美しく彩色された細い身体に、独特の浮遊感を漂わせる一木造りの少年少女像で知られる彫刻家の棚田康司さんは、第13期(1992年)国際瀧冨士美術賞受賞者です。木と向き合い人体像を彫り出す行為を通じて、人間とは何かを追求し続ける棚田さんに、展覧会の出品準備のため、大学の卒業制作と最新作とが並ぶアトリエで話をうかがいました。(聞き手・永井優子、取材日・2019年8月、初出『国際瀧冨士美術賞40年(2020年刊行)』)

自己表現の手段としての彫刻

棚田康司
棚田康司さん アトリエにて

——彫刻家になろうと思ったのはいつからですか。

 表現者として1番の根っこができたのが、中学くらいの時だと思います。ギターを買って、いろいろなロックバンドの曲をコピーするうちに、自分でも曲を作りたくなったのです。体制への反発みたいなものがロックですから、反抗期も相まって抑えつけられるものに対して「何だ!」みたいな思いもありました。高校進学後、自己表現に絵を描くことが加わりました。彫刻に関しては、祖父がコミュニティーセンターで木彫を教わっていたので、変わったことをやっているなぁと親しみをもっていました。
 僕が大学を受験した当時は美術系大学の倍率がとても高かったのですが、その中では彫刻科が1番低かった。それなら可能性はあるかなと思って、消去法で彫刻を選びました。とにかく、何かを表現するのが好きだったのです。2浪して東京造形大学に入学しました。

——東京造形大学では、彫刻家の舟越桂さん*¹が教えておられたのですね。

 浪人しているときに、舟越さんが1988年のヴェネツィア・ビエンナーレから帰国して開いた凱旋個展を見て、すごく感動しました。
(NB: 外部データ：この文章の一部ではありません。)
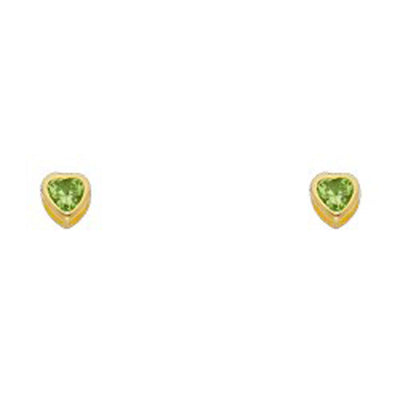 14k Yellow Gold 4mm Heart Peridot CZ August Birth Stone Stud Earrings With Screw Back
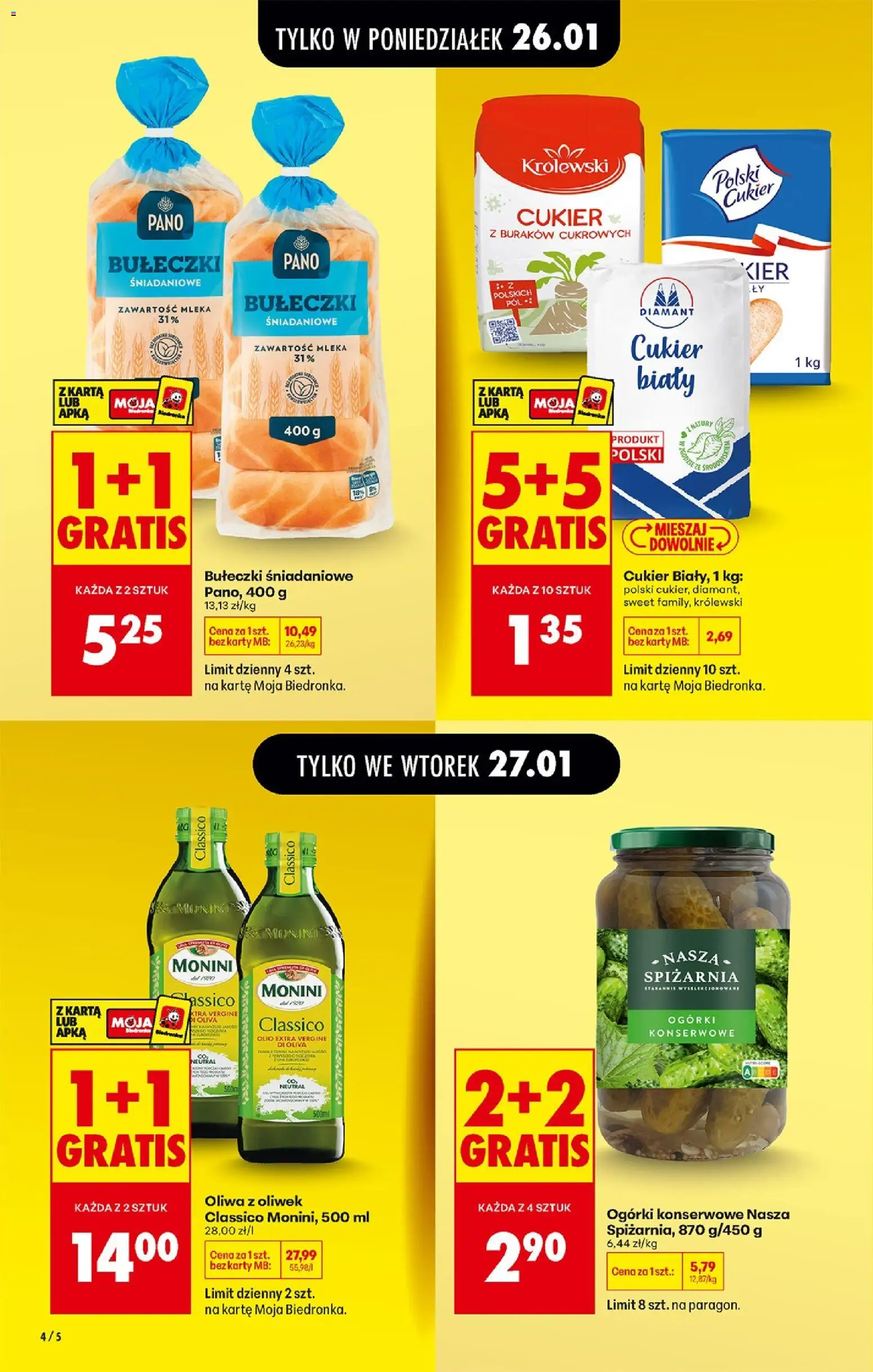 Biedronka gazetka od 26.01.2026 | Strona: 4 | Produkty: Oliwa z oliwek, Bułeczki śniadaniowe, Ogórki, Cukier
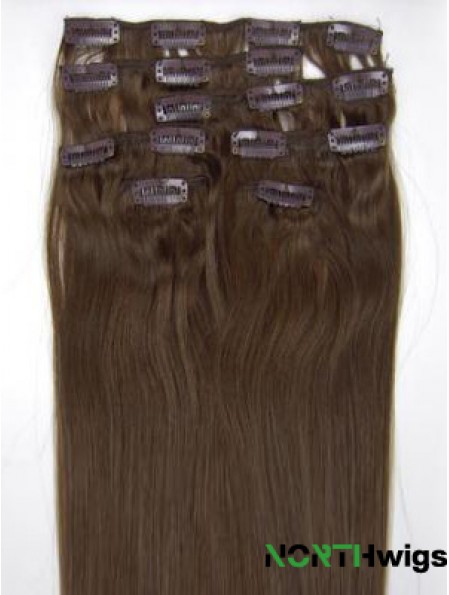 Perfect Brown Straight Remy Human Hair Clip In Hair Extensions
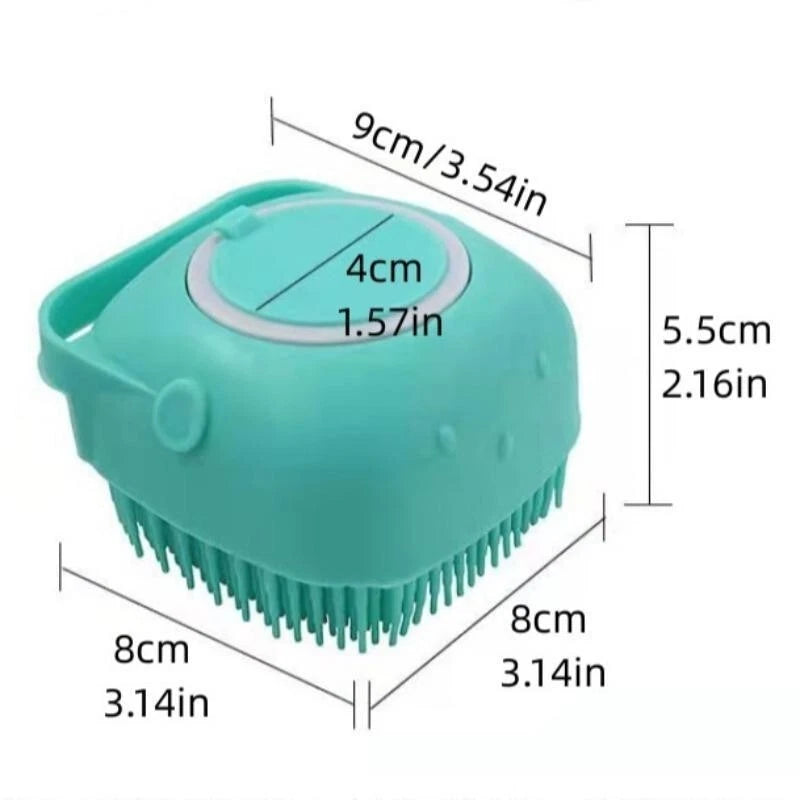 Pet Bath Brush, Silicone Pet Bath Massage Brush, Shampoo Dispenser Shower Brush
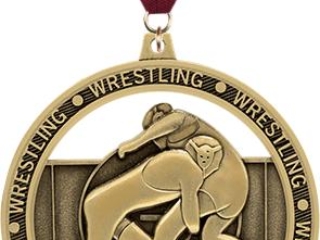 A gold wrestling medal featuring two wrestlers in a grappling pose, surrounded by the word 'WRESTLING' repeated along the rim. The medal is attached to a red ribbon.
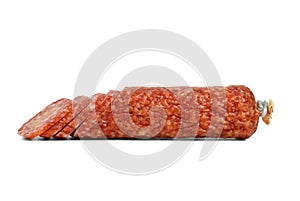 Sliced salami sausage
略歴を見ると東京造形大学出身だし、どうもその次の年から造形大に非常勤講師で来るみたいだぞと聞いて、だったらと造形大が第1希望になりました。
 入学して舟越さんと出会い、いろいろ刺激を受けたことは自分にとってすごく大きかったです。ただ、僕自身も人間の形をしたものを造りたかったので、あまり近くなりすぎて影響を受けすぎるのもまずい。舟越さんは本当にやさしい方で、僕らのところまで下りてきてフランクに付き合ってくださったけれど、その辺の距離感をうまく取らないと、自分がなくなってしまうという意識はありました。

——国際瀧冨士美術賞に応募したきっかけは?

加久
『加久』1992年、小松石、230mm×190mm×270mm、第13期国際瀧冨士美術賞応募作品
女の肖像
『女の肖像(部分)』1992年、楠、第13期国際瀧冨士美術賞応募作品

 大学に募集が貼り出されていたのを見つけて、3年生の時から狙っていました。担当教授も応募を勧めてくれましたし、先輩も受賞したから自分もダメじゃないよなと思って。受賞できたおかげでアルバイトをせずにすみ、これで卒業制作に対して、気持ちの上でもお金の上でも、向かっていけるなとうれしかったです。
 いただいた30万円はドリルなどの機械工具とノミ、材料の丸太代で全部使いました。そのときの工具は、いまも現役で使わせてもらっています。大きな作品が造れたので、その勢いをもって東京藝術大学の大学院を受けることにもしました。

人の行方
奨学金を注ぎ込んで制作した、大学の卒業制作『人の行方』。ちょうど展覧会に出展するため、組み立てていたところだった

——彫刻の中でも木彫を選んだのはなぜですか。

 粘土も石もやったんですけど、木が1番相性が良かった。木は切りたいと思ったらすぐにチェーンソーで切れるし、塗りたいと思ったらすぐ塗れます。僕自身がせっかちで、早く見たいという気持ちが強いので、すぐに答えが出せる木という素材が自分と合っていると思います。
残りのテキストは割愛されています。